We structure many of the supper clubs as five-course meals, adapting
Western preparation to traditional South Indian dishes. But I thought
it would be fun to do a supper that more accurately reflects how we
eat in Kerala, in which all dishes are brought to the table at once,
served onto a banana leaf and eaten by hand. So we’re blending service
styles with the following menu:

1st course
Delicate fish cakes, seasoned with ginger and green chile and served
with green papaya pickle.

2nd course
Family-style dinner: An abundant spread of authentic Kerala dishes,
including beef curry, roast duck, Kerala-style fried chicken, red
cabbage thoren (a coconut-flecked stir fry), okra pachadi (fried okra
in spiced yogurt), lentil curry, yogurt rice and a few other
surprises. Guests will eat on individual banana leaves—eating with
your hands is entirely optional.

3rd course
A celebration of mangos, which are currently at the height of their season.

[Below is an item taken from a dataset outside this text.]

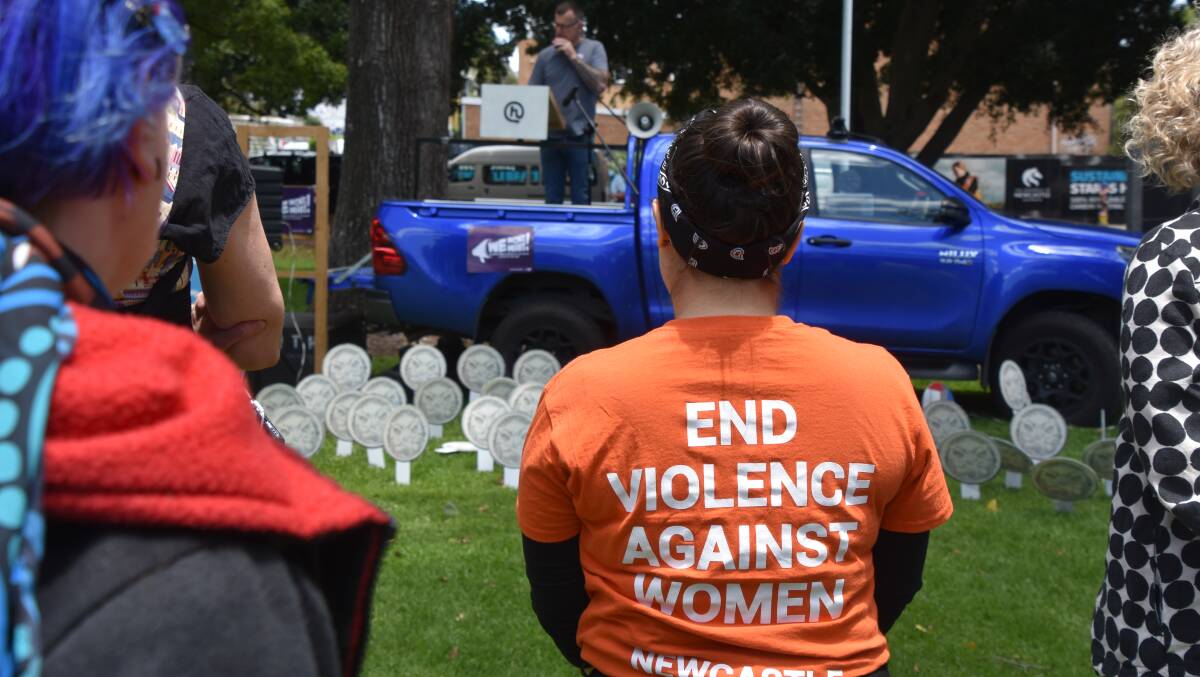 MESSAGE: About 30 people attended the rally calling for 10 days paid family and domestic violence leave to be included in the National Employment Standards.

Saturday, May 14th, 2011 @ 8pm
$75 cost per person, which includes beer, wine and Asha’s signature chai with dessert.

email us for an invite : spiceroutesupperclub@gmail.com

April 19, 2011 / Spice Route Supper Club

Which comes first: The chicken, the egg, or the cocktail?

Which comes first: The chicken, the egg, or the cocktail?
Spice Route  Supper Club Menu for April 30, 2011 @ 8pm

Cocktails inspired by Kerala spices

I grew up along Kerala’s coastline where seafood reigns, but lately
I’ve been thinking about the many specialties that feature poultry in
its many forms and decided to build a menu around those dishes.
Instead of our usual wine pairings, this evening we’re featuring
cocktails by Our Libatious Nature’s Nicky and Katruska, who crafted
these drinks specifically to match the flavors of South India. Many of
them include the same spices that have appeared in Kerala’s cooking
for centuries.

1st course
Chicken stew with vattayappam—one of Asha’s signature dishes,
including a silky coconut broth and a savory version of vattayappam,
an airy steamed cake.
Cocktail: Pineapple Sour—bourbon, almond syrup, Triple Sec, lemon
juice, muddled pineapple, egg, and a pinch of saffron.

2nd course
Braised quail curry with classic Kerala flavors (red chiles, coconut
oil, curry leaves, mustard seeds) and coconut rice.
Cocktail: Cucumber Lassi—gin, Thatcher’s cucumber liqueur, milk,
cilantro syrup, muddled cucumbers.

3rd course
Kerala fried squab. Trust us on this one! Squab is moist and tender
and works beautifully with our traditional method of fried chicken.
Served with freshly made griddle bread.
Cocktail: Mad Mango—muddled fresh mango, vanilla bean, ghost
pepper-infused dark rum, light coconut milk, orange bitters, orange
juice.

4th course
Tellicherry pepper-crusted duck served with guava chutney and red
spinach thoren. With this dish, you can taste why Kerala’s pepper is
known as “black gold.”
Cocktail: Smoked Figs – Old Monk rum, ghost pepper-infused vodka, Licor 43 vanilla
liqueur, homemade fig preserves, star aniseed.

5th course
Vanilla bean custard with mango—in tribute to the beginning of mango season!
Asha’s chai

Donations are cash only. We will pass out envelopes with each diner’ s name at the end of the meal. Minimum donation is $85.  Gratuity appreciated.